Short descriptive text snippets
↓↓↓
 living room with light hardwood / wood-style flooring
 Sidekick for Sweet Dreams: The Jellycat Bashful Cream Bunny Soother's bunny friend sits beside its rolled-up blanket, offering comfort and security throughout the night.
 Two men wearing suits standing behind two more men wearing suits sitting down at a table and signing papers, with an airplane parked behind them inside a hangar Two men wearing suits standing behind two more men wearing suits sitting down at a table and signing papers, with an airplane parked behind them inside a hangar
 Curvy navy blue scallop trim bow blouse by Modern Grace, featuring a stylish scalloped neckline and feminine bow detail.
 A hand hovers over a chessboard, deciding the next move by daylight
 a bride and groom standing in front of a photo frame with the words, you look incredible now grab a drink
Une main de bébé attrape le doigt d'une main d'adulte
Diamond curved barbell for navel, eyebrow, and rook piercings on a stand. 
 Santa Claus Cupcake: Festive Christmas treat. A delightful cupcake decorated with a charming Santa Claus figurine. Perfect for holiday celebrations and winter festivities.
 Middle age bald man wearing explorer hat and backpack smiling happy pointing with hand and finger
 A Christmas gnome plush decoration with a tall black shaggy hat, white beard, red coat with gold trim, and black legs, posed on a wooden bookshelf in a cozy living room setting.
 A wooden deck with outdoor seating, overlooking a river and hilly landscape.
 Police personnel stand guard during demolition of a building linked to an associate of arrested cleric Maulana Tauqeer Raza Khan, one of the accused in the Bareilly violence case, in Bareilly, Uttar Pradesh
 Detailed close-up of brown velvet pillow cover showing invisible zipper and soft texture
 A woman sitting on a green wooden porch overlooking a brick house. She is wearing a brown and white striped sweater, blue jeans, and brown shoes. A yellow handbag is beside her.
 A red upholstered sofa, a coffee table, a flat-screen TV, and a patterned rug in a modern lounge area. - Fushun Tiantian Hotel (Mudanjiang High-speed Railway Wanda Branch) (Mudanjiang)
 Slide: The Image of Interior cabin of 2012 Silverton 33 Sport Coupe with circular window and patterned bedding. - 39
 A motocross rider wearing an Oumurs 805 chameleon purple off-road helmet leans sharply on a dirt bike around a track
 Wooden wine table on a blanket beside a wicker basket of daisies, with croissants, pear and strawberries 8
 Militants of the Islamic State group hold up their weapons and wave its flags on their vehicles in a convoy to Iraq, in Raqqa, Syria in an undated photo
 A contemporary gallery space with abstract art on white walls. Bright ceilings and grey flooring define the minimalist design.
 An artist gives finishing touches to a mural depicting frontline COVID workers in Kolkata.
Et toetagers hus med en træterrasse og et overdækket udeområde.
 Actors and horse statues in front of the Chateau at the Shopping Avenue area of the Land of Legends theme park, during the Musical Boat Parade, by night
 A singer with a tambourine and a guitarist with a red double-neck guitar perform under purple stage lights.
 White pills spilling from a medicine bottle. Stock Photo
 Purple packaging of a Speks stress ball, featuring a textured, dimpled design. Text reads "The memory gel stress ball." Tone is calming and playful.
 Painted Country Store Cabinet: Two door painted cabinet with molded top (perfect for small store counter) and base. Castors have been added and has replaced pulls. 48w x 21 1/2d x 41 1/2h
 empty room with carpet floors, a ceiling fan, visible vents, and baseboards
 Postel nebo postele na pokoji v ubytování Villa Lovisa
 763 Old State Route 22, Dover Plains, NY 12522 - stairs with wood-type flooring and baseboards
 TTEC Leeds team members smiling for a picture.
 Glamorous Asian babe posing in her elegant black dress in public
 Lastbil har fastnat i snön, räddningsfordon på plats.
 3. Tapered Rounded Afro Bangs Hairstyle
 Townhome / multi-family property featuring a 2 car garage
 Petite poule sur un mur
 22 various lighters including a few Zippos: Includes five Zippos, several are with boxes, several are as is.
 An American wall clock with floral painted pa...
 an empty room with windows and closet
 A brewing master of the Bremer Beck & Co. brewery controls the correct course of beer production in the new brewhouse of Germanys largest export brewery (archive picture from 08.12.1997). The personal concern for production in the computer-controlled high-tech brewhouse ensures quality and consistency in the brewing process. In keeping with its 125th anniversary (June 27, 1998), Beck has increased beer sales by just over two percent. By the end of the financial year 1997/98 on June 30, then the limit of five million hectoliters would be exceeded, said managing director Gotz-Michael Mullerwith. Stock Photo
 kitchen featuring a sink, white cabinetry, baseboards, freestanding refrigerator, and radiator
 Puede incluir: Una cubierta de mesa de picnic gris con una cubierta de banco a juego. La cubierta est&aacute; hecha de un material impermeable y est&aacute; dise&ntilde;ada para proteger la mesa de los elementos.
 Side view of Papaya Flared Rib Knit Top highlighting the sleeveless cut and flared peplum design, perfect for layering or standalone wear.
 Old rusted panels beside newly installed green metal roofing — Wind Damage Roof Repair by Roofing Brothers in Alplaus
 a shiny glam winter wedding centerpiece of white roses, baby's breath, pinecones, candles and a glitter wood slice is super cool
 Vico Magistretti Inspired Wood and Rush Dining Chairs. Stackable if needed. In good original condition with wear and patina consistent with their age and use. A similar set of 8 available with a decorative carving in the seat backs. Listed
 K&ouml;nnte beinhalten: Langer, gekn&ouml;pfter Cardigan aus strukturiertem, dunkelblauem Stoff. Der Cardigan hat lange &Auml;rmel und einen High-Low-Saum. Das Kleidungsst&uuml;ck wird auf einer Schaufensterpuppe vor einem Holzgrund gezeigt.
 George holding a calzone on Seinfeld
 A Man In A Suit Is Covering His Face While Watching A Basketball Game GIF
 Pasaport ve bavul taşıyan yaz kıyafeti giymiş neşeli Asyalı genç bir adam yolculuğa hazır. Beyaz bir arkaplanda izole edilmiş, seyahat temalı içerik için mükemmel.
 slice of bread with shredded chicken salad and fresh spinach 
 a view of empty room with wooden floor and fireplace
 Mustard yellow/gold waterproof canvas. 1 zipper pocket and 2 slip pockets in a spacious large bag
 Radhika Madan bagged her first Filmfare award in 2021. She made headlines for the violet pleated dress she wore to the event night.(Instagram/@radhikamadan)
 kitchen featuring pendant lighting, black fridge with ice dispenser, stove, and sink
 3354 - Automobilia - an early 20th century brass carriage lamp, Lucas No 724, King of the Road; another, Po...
↑↑↑
— ACTIVITY —
All lines with the word "State" are needed; pull them from the entries and copy each.

— TASK SOLUTION —
 Militants of the Islamic State group hold up their weapons and wave its flags on their vehicles in a convoy to Iraq, in Raqqa, Syria in an undated photo
 763 Old State Route 22, Dover Plains, NY 12522 - stairs with wood-type flooring and baseboards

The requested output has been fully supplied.